* **Problem to work on**
Look in the material below for the line with "Road Coating Service in Sarasota, FL" and the line with "Suzuki Swift 1.2", then set down exactly those two lines and all lines between, nothing more.

* **Entries supplied**
● ● ● ●

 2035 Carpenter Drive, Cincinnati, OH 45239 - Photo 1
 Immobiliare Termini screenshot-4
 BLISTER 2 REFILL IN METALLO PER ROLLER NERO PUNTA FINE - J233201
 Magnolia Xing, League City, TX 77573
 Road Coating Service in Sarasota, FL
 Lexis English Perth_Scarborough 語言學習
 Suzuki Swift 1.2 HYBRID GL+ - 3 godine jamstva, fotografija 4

● ● ● ●

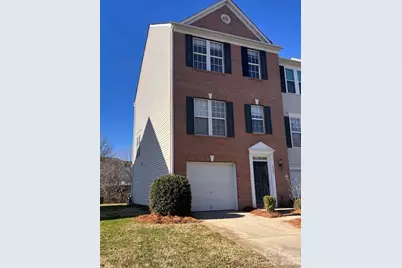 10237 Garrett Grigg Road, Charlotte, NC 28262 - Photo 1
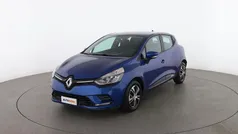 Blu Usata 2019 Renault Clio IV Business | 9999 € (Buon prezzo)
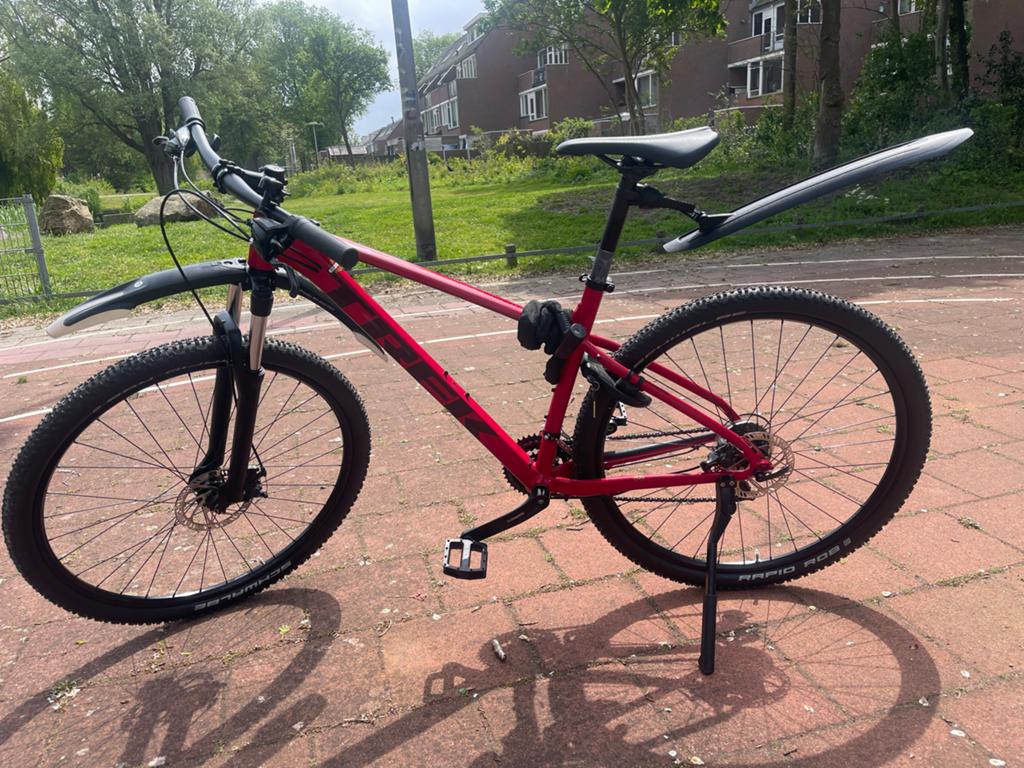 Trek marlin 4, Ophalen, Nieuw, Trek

● ● ● ●

* **Solution to this task**
 Road Coating Service in Sarasota, FL
 Lexis English Perth_Scarborough 語言學習
 Suzuki Swift 1.2 HYBRID GL+ - 3 godine jamstva, fotografija 4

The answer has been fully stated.